27 novembre 2014

Mike Nichols I. Broadway/Hollywood (1966)

Ça faisait très longtemps que je souhaitais faire part de mon enthousiasme pour le cinéma de Mike Nichols, en particulier concernant la première partie de sa carrière, si audacieuse par ses sujets traités, si novatrice par ses inventions formelles. Sa récente disparition me met face à une opportunité malheureuse que je serai bête de ne pas saisir. 

Né en Allemagne en 1931, Nichols est entré très tôt dans le show business, d'abord à la radio puis sur les planches des cabarets grâce au duo comique formé avec Elaine May. Et c'est en particulier sur la scène de Broadway qu'il va bien vite acquérir une extraordinaire réputation de metteur en scène, remportant succès critiques et publics et se voyant confié les plus prestigieux projets. C'est donc tout naturellement qu'Hollywood en vient à s'intéresser au jeune prodige, en lui offrant pour sa première réalisation un couple de star et une pièce à succès...

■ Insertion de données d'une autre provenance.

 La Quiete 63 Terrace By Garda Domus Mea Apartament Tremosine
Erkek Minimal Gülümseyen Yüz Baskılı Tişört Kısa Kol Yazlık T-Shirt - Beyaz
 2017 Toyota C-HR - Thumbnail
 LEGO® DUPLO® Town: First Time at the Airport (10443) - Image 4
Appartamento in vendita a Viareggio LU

 Who's afraid of Virginia Woolf ? (Qui a peur de Virginia Woolf ?), 1966
Il fallait sans doute toute la fougue d'un jeune et talentueux metteur en scène pour traiter dignement un sujet aussi audacieux que celui proposé ici. Nichols s'autorise des écarts de langage inédits pour l'époque et filme des situations scabreuses qui n'auraient jamais été acceptées il y a peu par le Code de production hollywoodien. On est dans la continuité du sillon creusé par Elia Kazan avec ses adaptations de Tennesse Williams, et surtout d'Arthur Penn qui la même année décrivait la médiocrité bourgeoise dans The Chase (La Poursuite impitoyable)Dans ses films suivants, Nichols tentera de repousser à chaque fois un peu plus les limites du politiquement incorrect, avec une vraie volonté de proposer un cinéma qui parle à son époque. 

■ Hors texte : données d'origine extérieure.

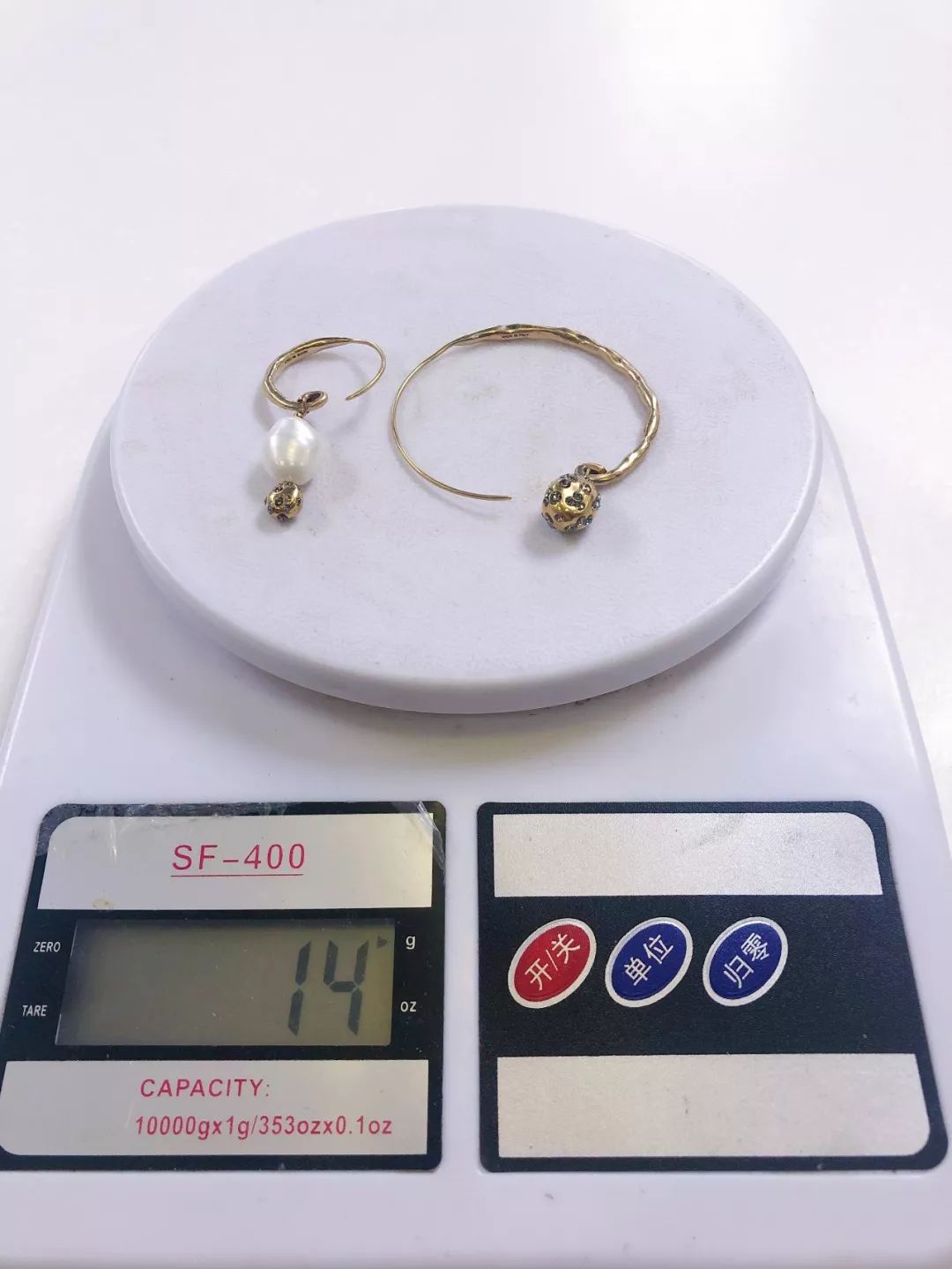 编辑实测：带大耳环耳朵疼不疼？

La pièce d'Edward Albee est ici adaptée assez fidèlement par Ernest Lehman tout en proposant quelques aérations pas trop artificielles (il fallait de toutes façons conserver la dimension étouffante de ce huis clos en quasi-temps réel). Spectacle dérangeant d'un couple qui s'aime à s'en déchirer, la pièce se voulait volontairement excessive, offrant ainsi un terrain de jeu idéal pour des acteurs. L'expérience de la scène de Nichols s'affirme ici comme fondamentale et l'homme demeurera tout au long de sa carrière l'un des directeurs d'acteurs les plus respectés par ses pairs, voyant défiler auprès de lui les plus grandes stars, certaines lui conservant une vraie fidélité tels Jack Nicholson et Meryl Streep (4 films chacun). 

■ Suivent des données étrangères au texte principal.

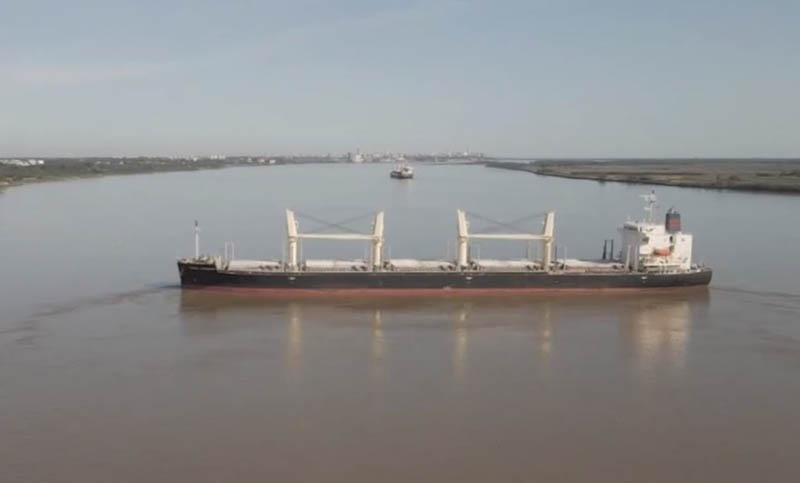 Por una mala maniobra, un barco liberiano quedó varado en el río Paraná
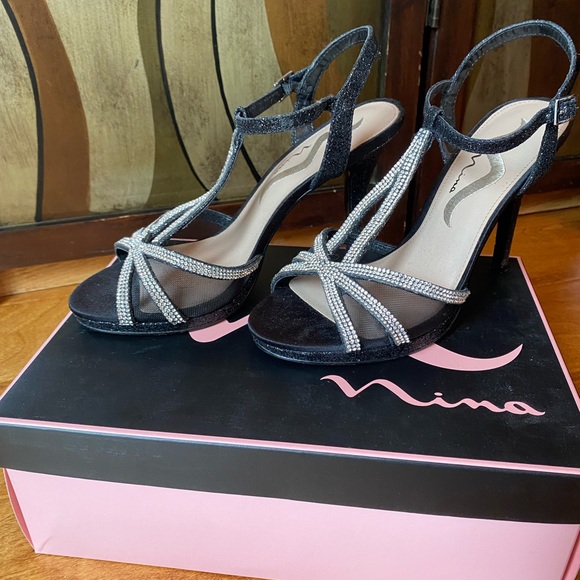 Nina Black/silver Dress Heels, size 7M - Picture 7 of 7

L'observation de la relation amoureuse s'impose dès lors comme l'un des thémes de prédilection du cinéaste, revendiquant les influences de George Stevens, Renoir et BergmanLa présence du duo Richard Burton/Elisabeth Taylor fait évidemment tout le prix du film, et on ne peut contester le caractère époustouflant de leur performance, imprimée à jamais sur la pellicule. Les rôles collent parfaitement à la personnalité du couple, habitué au comportement fantasque qui a fait les choux gras de la presse depuis la naissance controversé de leur idylle sur le tournage du Cleopatra de MankiewiczLe film fera sensation, sans doute grâce à l'événement promis par une telle affiche. Voir cet authentique couple se déchirer à l'écran a quelque chose de troublant et cela tourne parfois à l'expérience (et je ne parle pas de ce que ça peut provoquer si comme moi vous avez l'occasion de voir la pièce sur scène). À l'écran comme dans la vie, les deux connaissent bien les affres de la boisson, et semblent composer sans mal des individus aussi odieux que pathétiques, avec une absence totale de pudeur et une prise de risque qui s'avèrera payante puisque Taylor remportera l'oscar de la meilleure actrice cette année-là (première des nombreuses récompenses qui émailleront la carrière de Nichols). Le jeu de miroir est en fait multiple, car la situation désolante illustrée par leur couple semble annoncer le triste futur promis aux jeunes mariés qu'ils accueillent le temps d'une soirée, encore bercés par les illusions de leur amour tout frais. Tout n'est pourtant pas si noir, et l'on quitte cette perturbante compagnie en ayant plutôt l'impression qu'ils possèdent une force et une solidité peu commune, assez loin du sentiment de gâchis qu'ils auront tenté d'exprimer. La superbe partition d'Alex North participe évidemment  de cette mélancolie qui finit par nous étreindre.